The Financial Services Ombudsman has been told by the High Court to look again at Danske Bank’s decision to hike its variable interest mortgage rates to more than 4% when ECB rates had plunged to almost zero.

The ombudsman had thrown out a complaint by a couple in north Dublin that the bank had acted wrongly in increasing interest rates on six buy-to-let investment mortgages and the couple’s family home mortgage at a time when rates had fallen to historically low levels.

Mr Justice Gerard Hogan yesterday ruled as ambiguous a clause in Danske Bank’s terms and conditions which stated that rates of interest would be altered in response to market conditions.

The judge said Kenneth and Donna Millar, of Strand Rd, Portmarnock, Dublin, have seven mortgage accounts with Danske, all of which were being serviced and none of which was in arrears.

Their complaint related to the manner in which Danske purported to increase the rate under the terms and conditions that applied to the mortgages, and the ombudsman had found the bank had acted in accordance with those conditions.

Judge Hogan said interest rates had fallen since the onset of the global financial crisis in 2008, save for a brief period in 2011 when interest rates had twice been raised by the ECB.

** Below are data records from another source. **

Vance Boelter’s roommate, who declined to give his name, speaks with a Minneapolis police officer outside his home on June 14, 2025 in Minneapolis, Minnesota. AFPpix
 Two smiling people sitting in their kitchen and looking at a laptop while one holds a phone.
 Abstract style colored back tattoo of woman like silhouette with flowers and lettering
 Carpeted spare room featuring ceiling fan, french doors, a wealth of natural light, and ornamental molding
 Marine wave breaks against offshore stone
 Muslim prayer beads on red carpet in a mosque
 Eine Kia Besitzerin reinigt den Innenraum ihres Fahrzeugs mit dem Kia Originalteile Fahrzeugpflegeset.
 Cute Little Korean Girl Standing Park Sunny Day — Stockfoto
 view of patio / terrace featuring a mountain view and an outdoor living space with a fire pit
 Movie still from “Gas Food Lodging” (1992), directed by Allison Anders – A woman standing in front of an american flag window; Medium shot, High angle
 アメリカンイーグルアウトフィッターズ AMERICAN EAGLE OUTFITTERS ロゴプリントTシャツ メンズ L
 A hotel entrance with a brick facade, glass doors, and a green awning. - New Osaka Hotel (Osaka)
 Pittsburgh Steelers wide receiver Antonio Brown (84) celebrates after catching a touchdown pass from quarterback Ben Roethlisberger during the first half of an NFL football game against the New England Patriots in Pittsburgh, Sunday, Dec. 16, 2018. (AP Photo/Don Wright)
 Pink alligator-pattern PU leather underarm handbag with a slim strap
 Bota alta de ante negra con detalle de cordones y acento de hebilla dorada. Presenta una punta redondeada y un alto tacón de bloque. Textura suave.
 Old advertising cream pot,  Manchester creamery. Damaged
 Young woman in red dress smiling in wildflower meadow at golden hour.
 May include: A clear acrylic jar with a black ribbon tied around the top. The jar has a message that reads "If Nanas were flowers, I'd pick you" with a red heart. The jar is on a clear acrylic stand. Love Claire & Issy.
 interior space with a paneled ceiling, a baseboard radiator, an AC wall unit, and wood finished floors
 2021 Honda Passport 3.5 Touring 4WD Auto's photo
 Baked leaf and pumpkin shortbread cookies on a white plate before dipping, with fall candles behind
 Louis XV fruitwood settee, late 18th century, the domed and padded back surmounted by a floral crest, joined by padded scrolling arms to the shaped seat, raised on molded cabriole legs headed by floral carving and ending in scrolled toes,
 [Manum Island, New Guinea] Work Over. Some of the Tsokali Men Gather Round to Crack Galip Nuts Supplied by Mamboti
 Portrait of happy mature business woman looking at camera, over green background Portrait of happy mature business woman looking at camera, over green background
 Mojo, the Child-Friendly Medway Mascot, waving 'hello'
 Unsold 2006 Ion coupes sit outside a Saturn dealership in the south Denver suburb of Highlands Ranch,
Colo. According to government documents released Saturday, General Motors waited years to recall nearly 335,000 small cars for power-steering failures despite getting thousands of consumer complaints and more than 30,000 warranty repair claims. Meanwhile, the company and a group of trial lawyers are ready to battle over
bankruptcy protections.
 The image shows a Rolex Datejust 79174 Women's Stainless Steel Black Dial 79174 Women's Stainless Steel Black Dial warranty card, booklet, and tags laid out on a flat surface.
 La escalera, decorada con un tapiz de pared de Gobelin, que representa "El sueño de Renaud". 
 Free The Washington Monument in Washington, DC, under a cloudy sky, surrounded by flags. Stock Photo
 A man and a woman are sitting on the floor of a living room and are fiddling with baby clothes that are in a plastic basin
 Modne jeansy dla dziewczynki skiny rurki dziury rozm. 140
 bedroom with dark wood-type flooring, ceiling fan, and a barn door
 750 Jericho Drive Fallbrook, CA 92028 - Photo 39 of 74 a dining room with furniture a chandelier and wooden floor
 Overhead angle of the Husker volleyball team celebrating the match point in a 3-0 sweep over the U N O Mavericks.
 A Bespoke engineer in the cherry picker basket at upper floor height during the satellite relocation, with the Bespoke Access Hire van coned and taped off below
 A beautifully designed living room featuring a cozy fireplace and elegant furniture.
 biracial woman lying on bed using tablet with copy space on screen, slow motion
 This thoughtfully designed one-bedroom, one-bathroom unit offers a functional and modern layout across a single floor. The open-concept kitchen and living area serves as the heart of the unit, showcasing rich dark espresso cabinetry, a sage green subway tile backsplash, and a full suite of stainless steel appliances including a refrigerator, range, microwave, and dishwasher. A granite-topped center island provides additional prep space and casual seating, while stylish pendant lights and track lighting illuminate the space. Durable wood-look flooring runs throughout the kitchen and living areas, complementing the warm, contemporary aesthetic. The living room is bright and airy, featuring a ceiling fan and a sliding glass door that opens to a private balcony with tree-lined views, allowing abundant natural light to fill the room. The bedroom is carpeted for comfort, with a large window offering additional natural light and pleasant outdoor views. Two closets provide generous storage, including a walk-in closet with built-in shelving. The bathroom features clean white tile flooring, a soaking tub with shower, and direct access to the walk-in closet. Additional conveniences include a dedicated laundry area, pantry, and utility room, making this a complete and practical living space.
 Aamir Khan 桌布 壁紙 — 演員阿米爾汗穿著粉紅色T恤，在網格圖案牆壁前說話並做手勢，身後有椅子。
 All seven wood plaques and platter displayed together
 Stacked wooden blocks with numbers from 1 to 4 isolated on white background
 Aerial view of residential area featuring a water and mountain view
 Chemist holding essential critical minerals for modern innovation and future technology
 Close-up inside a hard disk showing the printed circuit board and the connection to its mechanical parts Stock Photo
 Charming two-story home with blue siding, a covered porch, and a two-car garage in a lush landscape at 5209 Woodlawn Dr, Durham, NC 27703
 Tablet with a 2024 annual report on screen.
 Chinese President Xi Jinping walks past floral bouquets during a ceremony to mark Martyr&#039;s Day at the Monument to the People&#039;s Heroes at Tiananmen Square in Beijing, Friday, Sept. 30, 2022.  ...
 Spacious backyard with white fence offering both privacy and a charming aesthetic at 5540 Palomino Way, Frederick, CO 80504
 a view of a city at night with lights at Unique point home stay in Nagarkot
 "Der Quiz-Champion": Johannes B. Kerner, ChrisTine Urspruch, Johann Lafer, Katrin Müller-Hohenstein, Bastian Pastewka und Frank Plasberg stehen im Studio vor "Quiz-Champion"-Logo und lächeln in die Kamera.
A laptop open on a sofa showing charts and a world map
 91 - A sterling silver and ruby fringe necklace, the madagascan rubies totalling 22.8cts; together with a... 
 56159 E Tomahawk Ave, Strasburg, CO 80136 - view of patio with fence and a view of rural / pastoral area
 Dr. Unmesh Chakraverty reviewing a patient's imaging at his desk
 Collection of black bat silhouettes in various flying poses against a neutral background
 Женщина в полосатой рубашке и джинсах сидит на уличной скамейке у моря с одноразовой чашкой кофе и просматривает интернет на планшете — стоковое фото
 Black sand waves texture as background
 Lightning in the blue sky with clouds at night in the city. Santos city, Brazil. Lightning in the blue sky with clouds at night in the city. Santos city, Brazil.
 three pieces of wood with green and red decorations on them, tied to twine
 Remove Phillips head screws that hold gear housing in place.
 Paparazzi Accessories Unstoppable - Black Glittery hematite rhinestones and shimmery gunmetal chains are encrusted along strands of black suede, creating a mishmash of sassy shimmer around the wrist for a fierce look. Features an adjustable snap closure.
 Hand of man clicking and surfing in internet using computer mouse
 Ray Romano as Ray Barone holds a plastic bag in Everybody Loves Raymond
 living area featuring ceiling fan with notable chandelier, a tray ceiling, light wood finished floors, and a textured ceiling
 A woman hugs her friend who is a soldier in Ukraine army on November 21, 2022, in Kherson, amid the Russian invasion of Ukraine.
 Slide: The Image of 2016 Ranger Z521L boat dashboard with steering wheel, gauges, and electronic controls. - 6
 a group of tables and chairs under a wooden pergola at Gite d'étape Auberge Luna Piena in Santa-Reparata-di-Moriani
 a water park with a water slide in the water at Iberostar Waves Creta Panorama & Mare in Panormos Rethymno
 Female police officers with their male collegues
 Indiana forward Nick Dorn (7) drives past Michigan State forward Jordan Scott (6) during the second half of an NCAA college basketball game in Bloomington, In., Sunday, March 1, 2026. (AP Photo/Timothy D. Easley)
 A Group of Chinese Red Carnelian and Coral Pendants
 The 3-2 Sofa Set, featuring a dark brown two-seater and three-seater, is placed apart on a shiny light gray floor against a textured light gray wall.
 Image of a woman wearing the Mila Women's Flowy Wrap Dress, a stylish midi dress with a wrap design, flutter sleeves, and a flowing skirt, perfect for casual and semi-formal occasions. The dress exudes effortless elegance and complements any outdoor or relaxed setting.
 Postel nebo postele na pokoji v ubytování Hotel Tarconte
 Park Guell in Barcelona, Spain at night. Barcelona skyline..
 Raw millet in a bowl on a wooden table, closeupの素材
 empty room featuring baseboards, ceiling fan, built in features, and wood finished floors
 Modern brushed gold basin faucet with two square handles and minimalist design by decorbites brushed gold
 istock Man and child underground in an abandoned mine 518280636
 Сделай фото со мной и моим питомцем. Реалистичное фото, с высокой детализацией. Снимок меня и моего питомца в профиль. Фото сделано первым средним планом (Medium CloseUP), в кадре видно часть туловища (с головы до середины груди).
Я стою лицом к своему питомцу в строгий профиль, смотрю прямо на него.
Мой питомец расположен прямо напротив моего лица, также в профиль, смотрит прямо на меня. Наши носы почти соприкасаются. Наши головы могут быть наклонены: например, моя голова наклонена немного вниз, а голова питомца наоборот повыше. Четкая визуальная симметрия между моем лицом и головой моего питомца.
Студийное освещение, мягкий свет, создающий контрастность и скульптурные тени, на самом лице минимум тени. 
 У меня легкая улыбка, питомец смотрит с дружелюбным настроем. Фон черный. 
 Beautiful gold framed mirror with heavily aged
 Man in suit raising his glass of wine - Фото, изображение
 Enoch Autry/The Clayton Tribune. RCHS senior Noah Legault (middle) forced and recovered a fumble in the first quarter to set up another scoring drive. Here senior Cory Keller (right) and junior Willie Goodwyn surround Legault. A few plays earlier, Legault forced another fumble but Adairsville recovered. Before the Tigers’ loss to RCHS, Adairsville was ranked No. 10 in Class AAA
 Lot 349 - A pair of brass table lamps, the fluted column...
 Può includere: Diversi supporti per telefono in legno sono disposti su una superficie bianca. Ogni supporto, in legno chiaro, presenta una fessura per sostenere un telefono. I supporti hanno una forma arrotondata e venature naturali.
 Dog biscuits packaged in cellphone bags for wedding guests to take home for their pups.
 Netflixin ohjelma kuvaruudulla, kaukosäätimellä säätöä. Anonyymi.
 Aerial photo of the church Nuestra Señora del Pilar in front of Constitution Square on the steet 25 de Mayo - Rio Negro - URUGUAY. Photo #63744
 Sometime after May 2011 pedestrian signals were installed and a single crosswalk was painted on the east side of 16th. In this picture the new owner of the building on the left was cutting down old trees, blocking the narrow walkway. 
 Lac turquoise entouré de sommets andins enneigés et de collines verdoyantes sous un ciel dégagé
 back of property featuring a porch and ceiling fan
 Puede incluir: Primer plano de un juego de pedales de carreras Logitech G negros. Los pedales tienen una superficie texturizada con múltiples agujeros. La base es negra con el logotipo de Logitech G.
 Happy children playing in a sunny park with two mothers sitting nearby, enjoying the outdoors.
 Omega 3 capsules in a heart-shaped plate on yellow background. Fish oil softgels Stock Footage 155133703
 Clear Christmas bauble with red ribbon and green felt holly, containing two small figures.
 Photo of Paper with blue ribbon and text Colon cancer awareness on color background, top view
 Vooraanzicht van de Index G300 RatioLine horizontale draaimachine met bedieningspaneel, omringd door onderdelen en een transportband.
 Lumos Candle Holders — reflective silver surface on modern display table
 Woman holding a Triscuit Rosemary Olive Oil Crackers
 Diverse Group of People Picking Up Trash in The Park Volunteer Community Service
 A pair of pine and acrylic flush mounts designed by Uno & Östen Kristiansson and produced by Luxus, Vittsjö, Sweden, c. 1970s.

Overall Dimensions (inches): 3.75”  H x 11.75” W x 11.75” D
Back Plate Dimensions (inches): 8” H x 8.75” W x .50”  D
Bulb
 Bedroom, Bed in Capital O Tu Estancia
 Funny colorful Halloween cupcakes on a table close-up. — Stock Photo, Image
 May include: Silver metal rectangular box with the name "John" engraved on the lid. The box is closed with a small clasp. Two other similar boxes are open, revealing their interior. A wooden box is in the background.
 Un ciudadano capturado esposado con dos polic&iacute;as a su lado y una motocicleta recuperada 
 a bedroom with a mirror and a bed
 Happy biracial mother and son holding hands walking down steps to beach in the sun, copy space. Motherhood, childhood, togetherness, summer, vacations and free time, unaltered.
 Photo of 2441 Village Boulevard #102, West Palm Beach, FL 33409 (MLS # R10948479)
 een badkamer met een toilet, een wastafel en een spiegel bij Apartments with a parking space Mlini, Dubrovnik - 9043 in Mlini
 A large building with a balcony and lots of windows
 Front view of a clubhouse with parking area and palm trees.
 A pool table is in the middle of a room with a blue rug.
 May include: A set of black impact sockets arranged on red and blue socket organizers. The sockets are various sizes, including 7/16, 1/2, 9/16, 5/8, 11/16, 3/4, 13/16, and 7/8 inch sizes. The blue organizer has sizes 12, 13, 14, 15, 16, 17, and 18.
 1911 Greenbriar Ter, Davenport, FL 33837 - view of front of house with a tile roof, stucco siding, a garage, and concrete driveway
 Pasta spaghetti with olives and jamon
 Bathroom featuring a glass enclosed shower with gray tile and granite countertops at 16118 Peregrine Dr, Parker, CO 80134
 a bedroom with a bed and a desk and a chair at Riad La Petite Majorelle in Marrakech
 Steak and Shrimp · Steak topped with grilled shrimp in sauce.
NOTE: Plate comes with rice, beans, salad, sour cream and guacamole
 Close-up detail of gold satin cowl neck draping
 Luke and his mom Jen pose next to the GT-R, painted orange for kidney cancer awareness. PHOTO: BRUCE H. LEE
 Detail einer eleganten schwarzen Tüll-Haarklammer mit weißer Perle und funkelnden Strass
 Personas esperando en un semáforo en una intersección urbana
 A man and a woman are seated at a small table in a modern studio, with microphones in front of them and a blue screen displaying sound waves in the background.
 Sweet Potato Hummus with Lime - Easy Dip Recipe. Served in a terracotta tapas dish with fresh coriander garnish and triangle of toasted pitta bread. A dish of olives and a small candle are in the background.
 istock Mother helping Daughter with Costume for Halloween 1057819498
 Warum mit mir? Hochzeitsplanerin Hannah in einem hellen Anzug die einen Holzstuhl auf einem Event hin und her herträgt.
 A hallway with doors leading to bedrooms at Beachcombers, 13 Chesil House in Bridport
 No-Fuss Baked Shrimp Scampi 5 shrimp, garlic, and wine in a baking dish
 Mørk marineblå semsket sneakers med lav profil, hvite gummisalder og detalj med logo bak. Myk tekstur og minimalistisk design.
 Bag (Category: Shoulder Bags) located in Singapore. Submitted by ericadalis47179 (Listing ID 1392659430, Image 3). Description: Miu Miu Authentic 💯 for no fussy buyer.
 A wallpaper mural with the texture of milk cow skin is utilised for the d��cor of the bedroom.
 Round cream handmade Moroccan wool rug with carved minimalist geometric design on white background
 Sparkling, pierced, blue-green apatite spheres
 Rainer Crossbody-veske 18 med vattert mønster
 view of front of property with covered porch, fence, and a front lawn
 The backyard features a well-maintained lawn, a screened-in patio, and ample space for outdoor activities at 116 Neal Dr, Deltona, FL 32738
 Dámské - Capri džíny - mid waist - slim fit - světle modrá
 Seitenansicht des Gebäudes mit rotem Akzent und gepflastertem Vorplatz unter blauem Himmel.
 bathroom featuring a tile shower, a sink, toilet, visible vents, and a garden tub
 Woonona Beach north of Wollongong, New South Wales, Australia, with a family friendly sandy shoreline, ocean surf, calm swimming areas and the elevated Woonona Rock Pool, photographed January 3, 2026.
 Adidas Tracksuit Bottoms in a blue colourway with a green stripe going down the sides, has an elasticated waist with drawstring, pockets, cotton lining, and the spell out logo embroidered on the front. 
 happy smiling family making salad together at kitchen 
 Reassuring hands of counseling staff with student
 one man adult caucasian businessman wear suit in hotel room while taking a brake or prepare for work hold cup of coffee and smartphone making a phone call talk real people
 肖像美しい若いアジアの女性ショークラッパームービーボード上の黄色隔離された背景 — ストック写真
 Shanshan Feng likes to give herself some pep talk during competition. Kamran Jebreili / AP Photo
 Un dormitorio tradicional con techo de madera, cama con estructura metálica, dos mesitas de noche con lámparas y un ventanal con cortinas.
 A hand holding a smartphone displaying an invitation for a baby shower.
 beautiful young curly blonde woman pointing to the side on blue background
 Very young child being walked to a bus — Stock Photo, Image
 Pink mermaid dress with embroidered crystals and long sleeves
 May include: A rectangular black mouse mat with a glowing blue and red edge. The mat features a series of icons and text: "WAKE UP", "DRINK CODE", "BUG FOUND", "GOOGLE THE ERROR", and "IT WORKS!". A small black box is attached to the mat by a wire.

This decline in interest rates had been especially marked within the eurozone since the latter months of 2011 as the future of the currency had seemed in doubt.

He said the gist of the complaint by the Millars, who had represented themselves in court, was that the bank had allowed its variable interest rate to increase as rates within the eurozone had fallen dramatically.

In November 2011, Danske had increased its rate by almost 1%, and since then, that rate had remained at just over 4%. In the meantime, the ECB rate had plunged to almost zero.

The Millars had complained about the increase, but Danske had defended its decision to raise its rate on the basis that, as it did not receive any ECB funding, the ECB’s rate cuts were irrelevant to the bank.

In December 2013, the ombudsman had rejected the couple’s complaint on the basis that the bank’s only obligation was to alter the rate in response to “market conditions” and not “in line with general market interest rates”.

Judge Hogan said the resolution of the issue before the court once again raised the fundamental question of what the true role of the ombudsman was and if the court should defer to the ombudsman on the question of contract law.

He said that it was never the intention of the Oireachtas that a complainant should be disadvantaged by electing to make a complaint to the ombudsman rather than by proceeding in the ordinary courts.

It would be inappropriate for the court to defer to the ombudsman on the issues of contract law and only interfere if the interpretation of the contract was somehow unreasonable or irrational.

He said that Mr Justice Barr in 1994 had forcefully made the point that statutory interpretation was solely a matter for the courts and no other body had authority to usurp the power of the court in performing that function.

Judge Hogan said the ombudsman erred in concluding that the words “in response to market conditions” were clear when they were not and the ombudsman’s decision could not be allowed to stand.

He set aside the decision and remitted the matter to the ombudsman for a fresh determination of the complaint “in a manner not inconsistent with this judgment”.